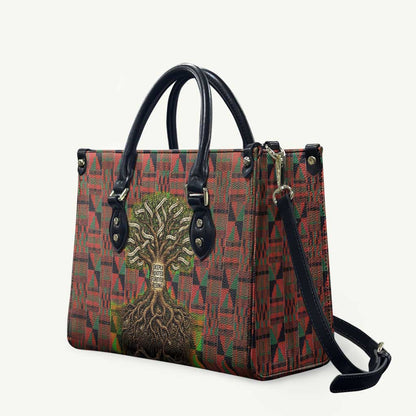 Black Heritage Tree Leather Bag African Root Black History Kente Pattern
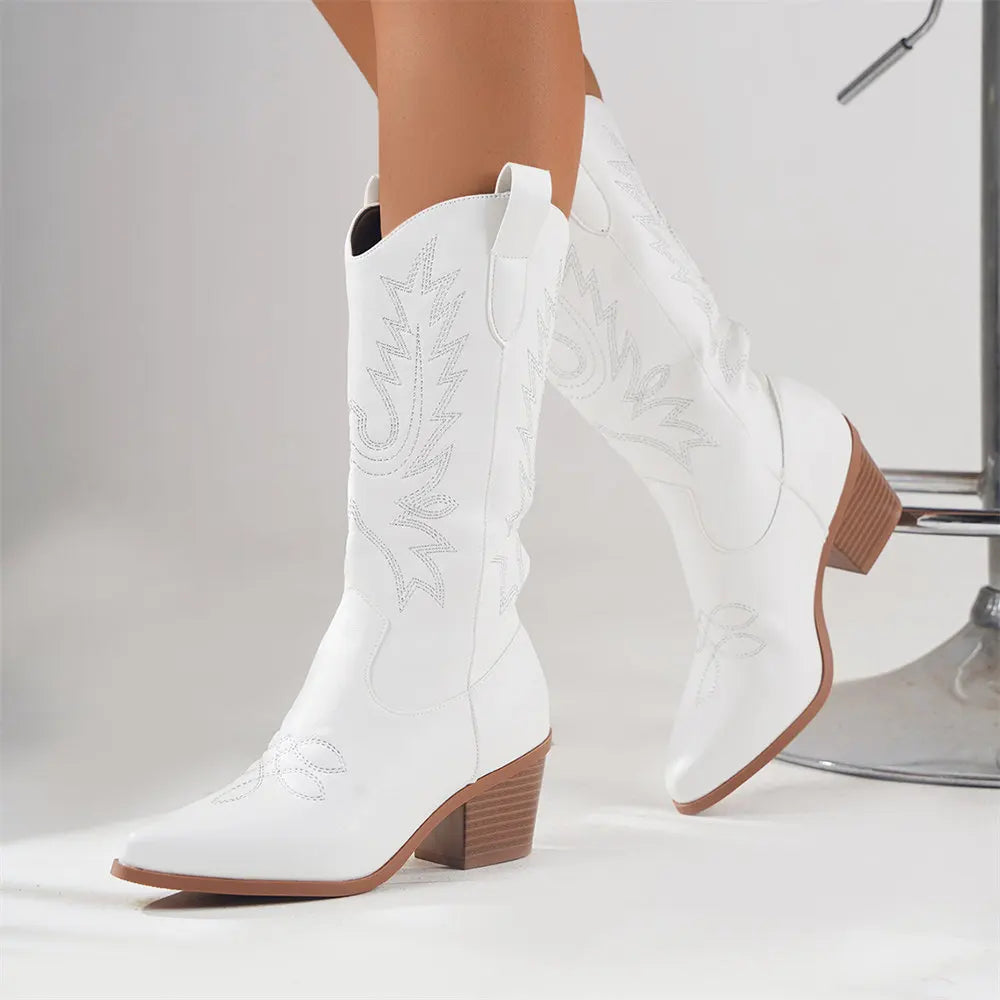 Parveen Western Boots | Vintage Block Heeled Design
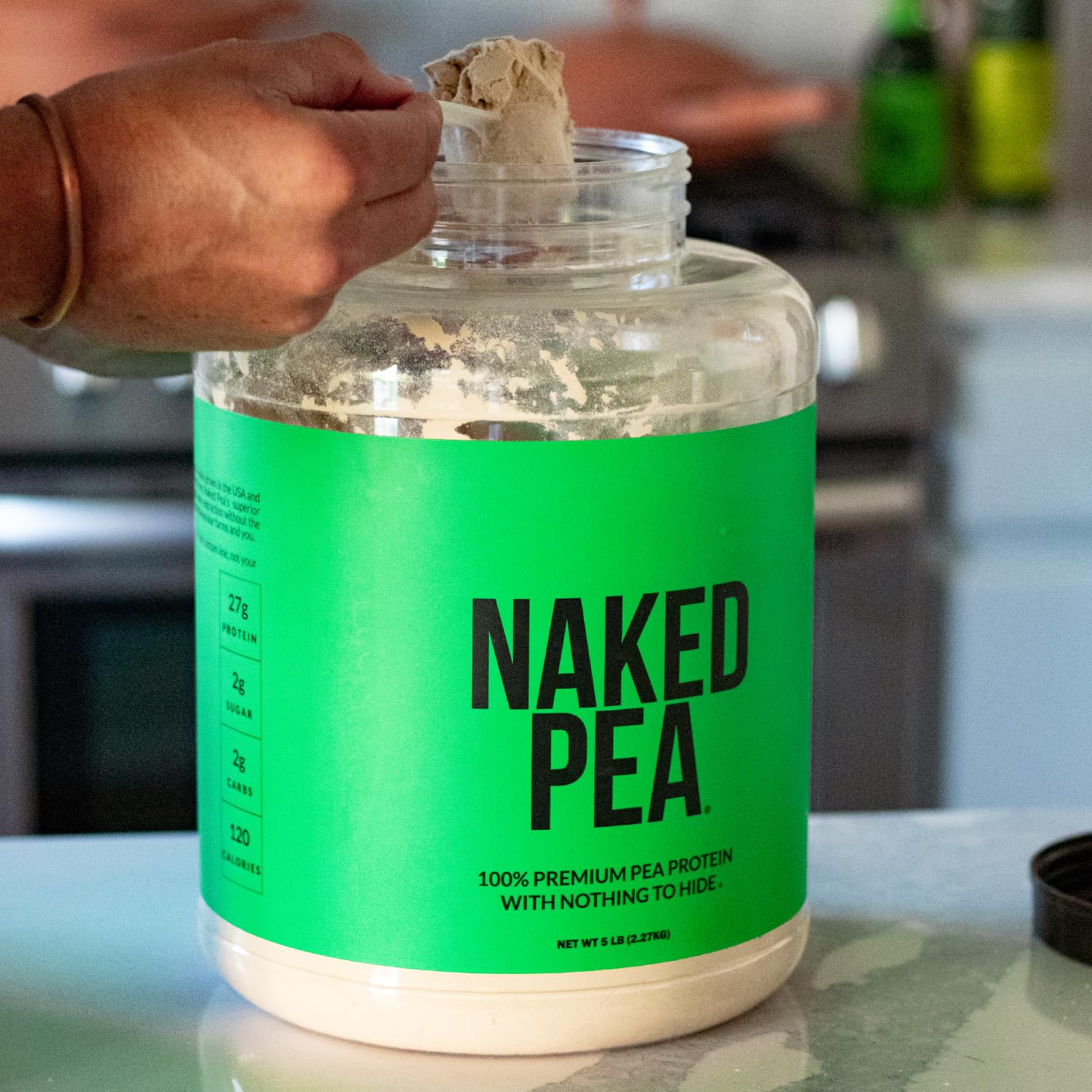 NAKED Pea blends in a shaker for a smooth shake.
----------------------------------------
#### [EXERCISE PROMPT]
Write out every line above exactly, minus images.

#### [WRITTEN RESPONSE]
 Black Heritage Tree Leather Bag African Root Black History Kente Pattern
 Parveen Western Boots | Vintage Block Heeled Design
 NAKED Pea blends in a shaker for a smooth shake.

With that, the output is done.